Whiten refactor #441

d-chambers · 2024-09-28T22:58:49Z

Description

This PR refactors Patch.whiten. The primary motivation was to enable performing whitening on a patch that is already in the Fourier domain (@ahmadtourei is fine-tunning a DASCore-based ambient noise processing pipeline and it helps not perform the dft/idft more than needed). Also @ariellellouch pointed out in #431 that the way we accessed some of the coordinate attributes (the step) could be improved.

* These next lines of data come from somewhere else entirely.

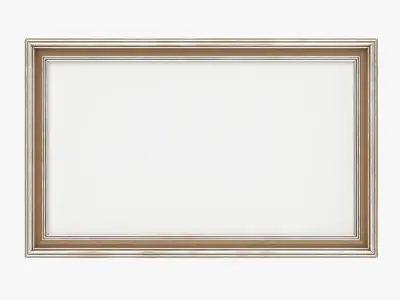 Frame landscape with picture 03 3D model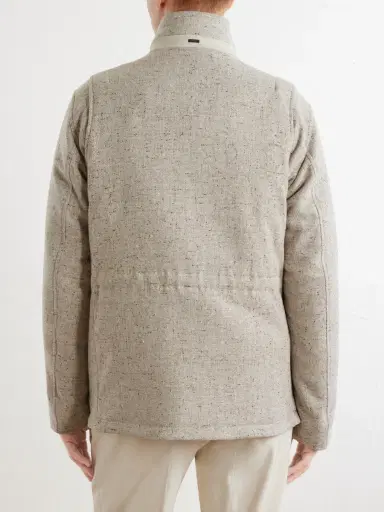 HERNO Virgin Wool-Tweed Field Jacket - Men | Thumbnail 4 HERNO Virgin Wool-Tweed Field Jacket - Men | Thumbnail 4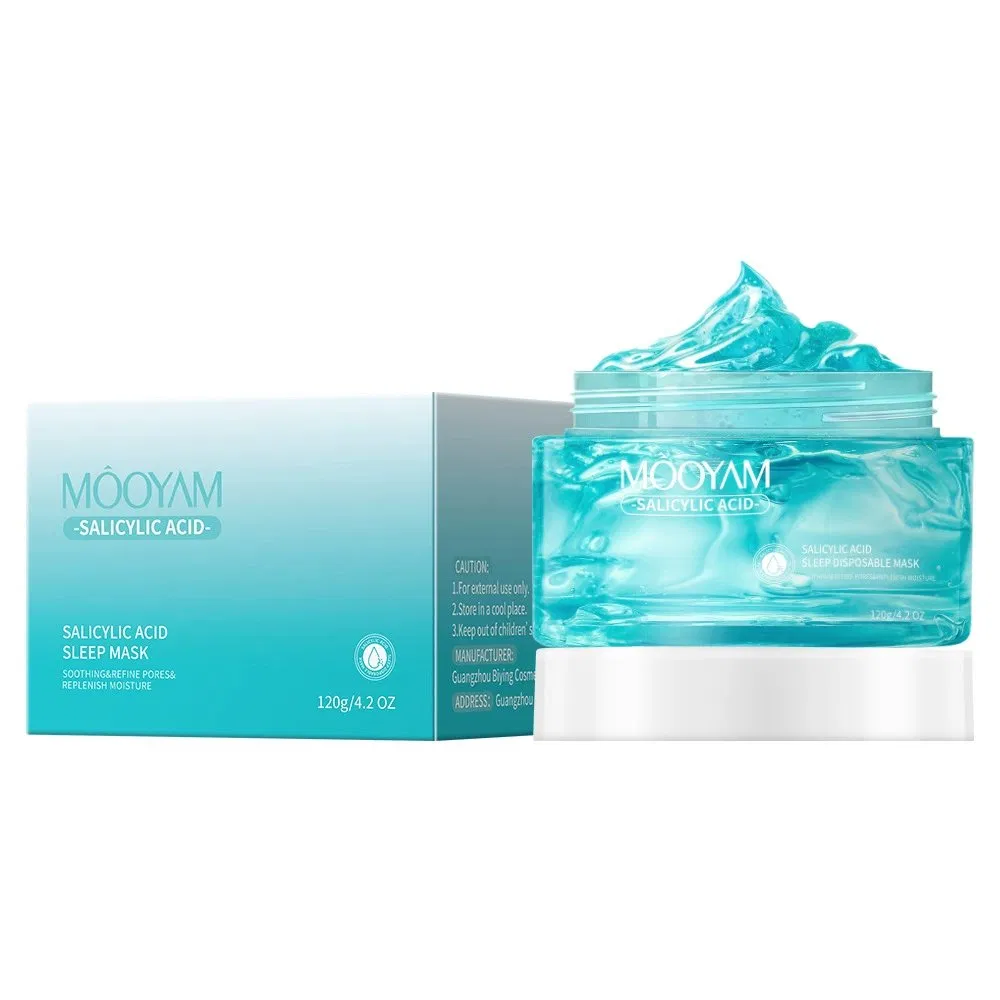 Salicylic Acid Sleep Mask Moisturizing Soothing Face Mask Cream Facial Beauty Good Night Collagen Gel Mask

I tried to simplify the function by breaking into a few sub-functions: one to check the inputs, one to get an envelope for the normalization, and one to get the envelope for limiting the analysis to certain frequencies. TBH, I am not sure if I really made it any simpler but it does now accept a patch in the Fourier domain without re-doing the transform. All the old tests still pass as well, so I think its ok.

A few changes:

Following the behavior of Patch.correlate the idft argument is now deprecated. If a transformed patch is passed into whiten it does not undo the dft. Conversely, if a time domain patch is passed in the idft is always performed after whitening.
Before the refactor, if no kwargs were passed the last dimension was whitened. Now if no kwargs are passed a dimension called "time" will be transformed. If it doesn't exist an error is raised.
In the previous version the smoothing parameter allowed for smoothing windows to be between 1 and 5 frequency steps. If a smoothing size of < 5 samples was selected the number of samples in the fft could be increased so the smoothing window still had 5 samples. In this version, that is no longer possible since the patch may already be in the Fourier domain, so if the smoothing window is < 5 samples and error is just raised.
I tweaked the behavior utils.patch.history so that if exactly the same patch is returned from a patch function no history string is added.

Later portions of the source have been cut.